190 días de clase nunca son 190 días de clase
Sobre la base de esta tremenda confusión, la implementación de los beneméritos 180 días de clase (ahora 190 en varias) es llamativamente engañosa, sobre todo en términos aritméticos.
Tomemos una jurisdicción cualquiera (me reservo el nombre porque no hay diferencias entre ellas). Mientras las autoridades dicen que en 2013 habrá 190 días de clase, emiten una resolución administrativa en la que el ciclo lectivo en el nivel primario comienza el 27 de febrero y termina el 20 de diciembre. En un calendario contamos días hábiles y descontamos feriados, asuetos y vacaciones de invierno y el resultado es, efectivamente, 190 días.
Pero las cuentas no son tan sencillas: hay al menos 5 días de suspensión de clases para reflexión/capacitación docente y varios más de congresos y jornadas docentes que seguramente impliquen pérdida de clases. Para la normativa oficial 190 días son 185 como máximo. Con mucha suerte, 190 serán 180. Con muchísima suerte.
Todo esto se complica en el nivel secundario: allí las clases comienzan el 7 de marzo y terminan el 6 de diciembre, lo que reduce el ciclo lectivo. También hay 5 días de suspensión de clases por “reflexión y capacitación” y hay siete días en el que los docentes no pueden dar clases porque tienen que tomar examen. En conclusión, en el secundario es difícil que ocurran más de 165 días de clase, según el mismo calendario oficial… 25 días menos, como mínimo, de los 190 anunciados. El día de clase oficial cotiza por encima del día de clase blue: 190 son 165.

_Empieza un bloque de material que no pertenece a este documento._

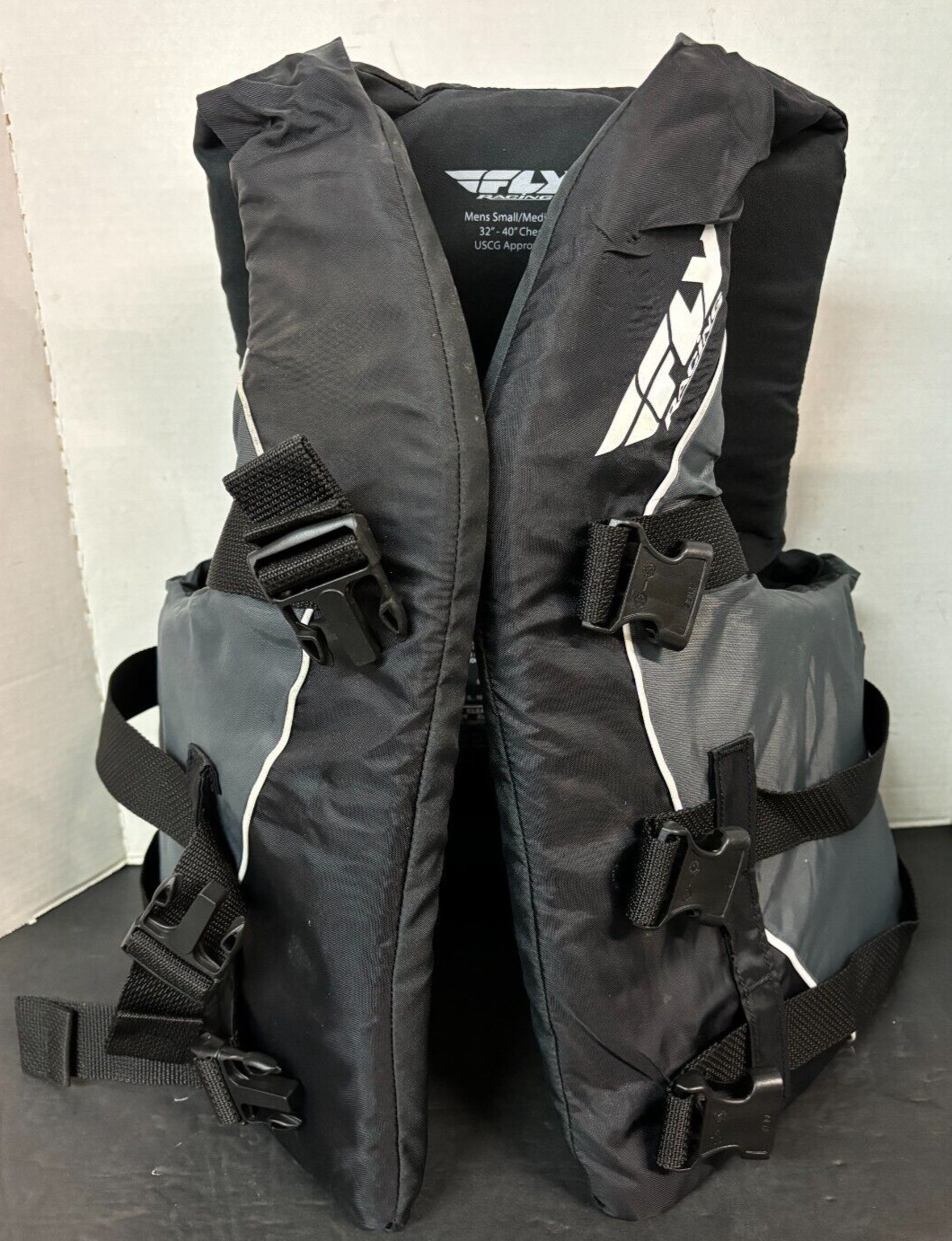 NEW FLY RACING NYLON LIFEJACKET Black/Gray Sz Small/Med 32-40″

Concluyendo, en la letra chica de las declaraciones rimbombantes de los 180/190 días de clase se encuentran todas estas trampitas que muestran que no hay manera de que el objetivo legal se cumpla.
¿Tiene sentido debatir todo esto?
Muchos economistas sostienen que el número de días de clase no es una variable importante a la hora de evaluar lo educacional. Muestran los resultados de las pruebas PISA donde países exitosos tienen menos días de clase que países más atrasados en el ranking. Más -dicen- no necesariamente es mejor. Y en eso tienen razón.

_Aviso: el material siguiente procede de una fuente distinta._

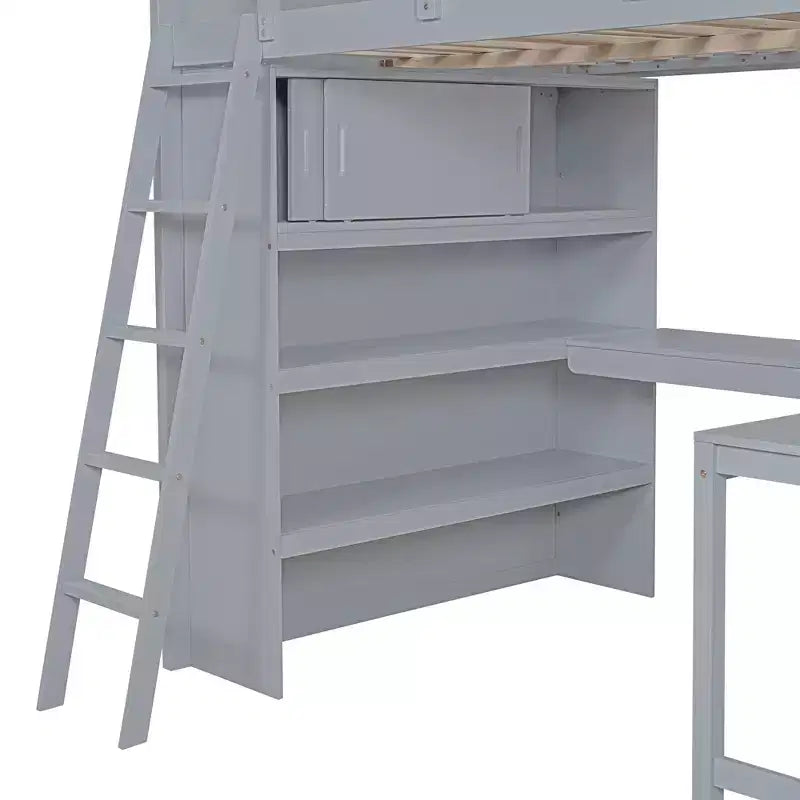 Letto a soppalco full-size con scrivania e mensole, Struttura letto a soppalco in legno con due cassetti integrati per camera da letto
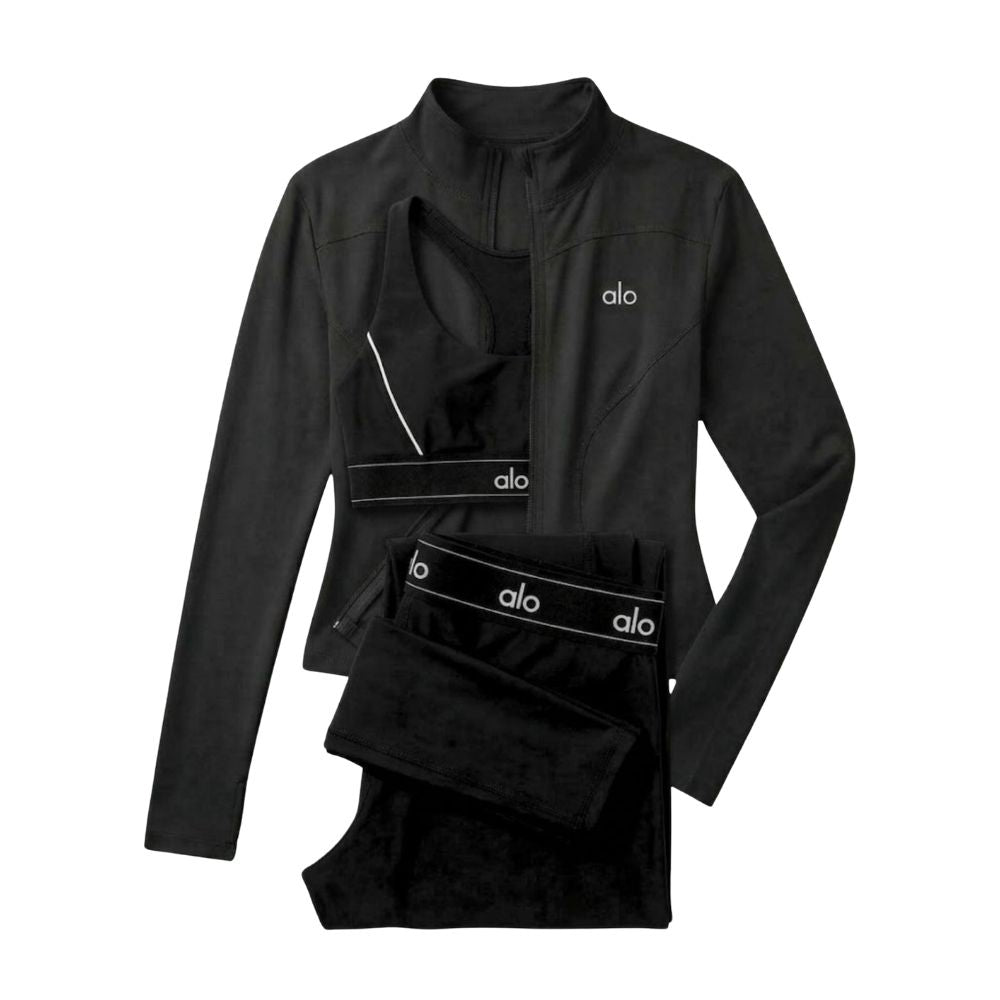 Ensemble Complet Suit Up Alo Yoga Noir — Tenue Yoga Sport Femme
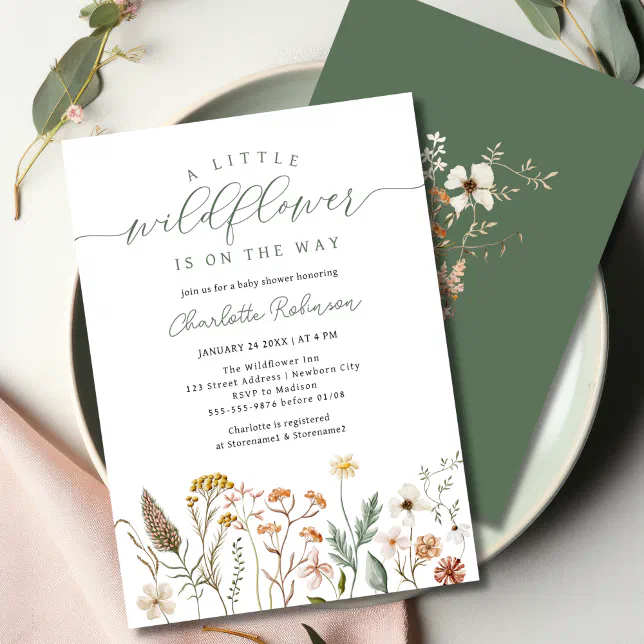 Little Wildflower Flower Baby Shower Invitation | Zazzle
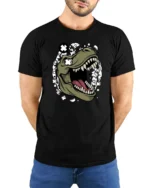 Cool Dinosaur T Rex Roar Comic Style Graphic Tee Fun Tshirt - model wearing black tee with hands behind back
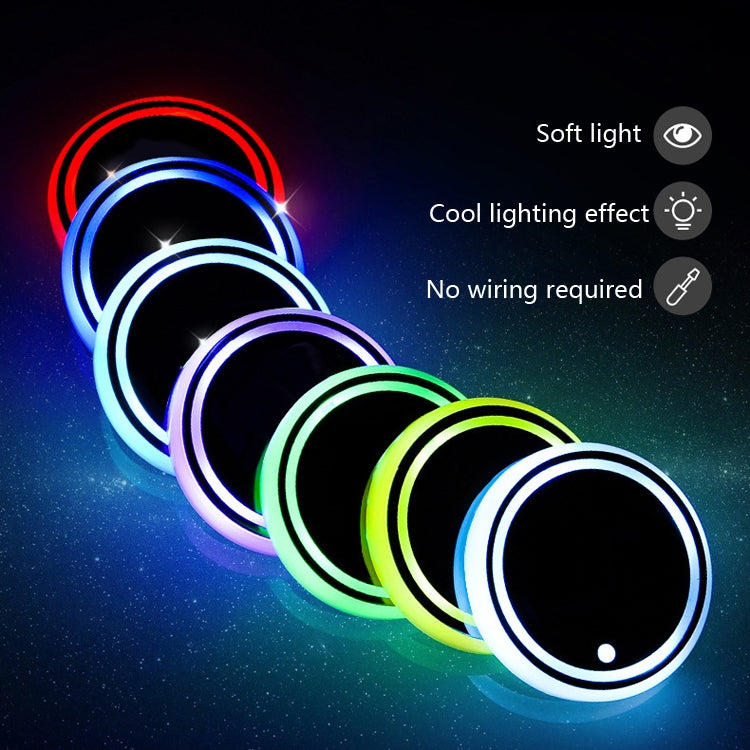 2 PCS Car LED Luminous Water Coaster Car Atmosphere Light USB Charging Non-Slip Coaster by buy2fix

Pero lo que estos economistas no advierten es que los exámenes no son la educación. En países como Argentina, donde altos porcentajes de la población están bajo la línea de la pobreza y la mayoría de los estudiantes secundarios no habrá de terminar la escuela, más días de clase en cualquier caso serán una protección contra la marginalidad. Y, superando el concepto “escuela guardería”, más días de clase pueden proporcionar más oportunidades para una práctica intelectual rigurosa, creativa, basada en el estudio, en la dedicación personal y responsable al conocimiento y la formación. Más días de clase como parte de un proyecto educativo. Si ese proyecto no está, la acumulación de días es una sumatoria vacía que se presta a las trampitas que aquí hemos mostrado
La ley sancionada en 2003 es contraproducente: en vez de crear un clima de responsabilidad social pro-escuela generó un conjunto de engañifas y especulaciones sin más efecto que un patético (auto)engaño.

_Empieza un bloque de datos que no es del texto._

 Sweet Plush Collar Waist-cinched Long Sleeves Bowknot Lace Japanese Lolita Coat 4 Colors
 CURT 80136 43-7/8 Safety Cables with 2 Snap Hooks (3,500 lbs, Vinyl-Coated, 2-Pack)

Epílogo: los paros docentes
Alguien podría decirme, con razón, que en esta nota ni mencioné a las huelgas. No hizo falta: hemos demostrado que aún sin pérdida de días de clase por paros docentes, los 180/ 190 días de clase son otro autoengaño de la argentinidad. Seamos más claros: con los números sobre la mesa ya nadie podrá afirmar “cumplimos 180/190 días de clase”, con o sin paro.
Las huelgas docentes no solamente hacen perder días de clase en las escuelas públicas (no en las privadas), también son una excelente excusa para echarle toda la culpa a los docentes, para no debatir a fondo todas estas cuestiones y, de paso, para esconder el hecho de que a la política educativa, como a la farolera, todas las cuentas le salen mal.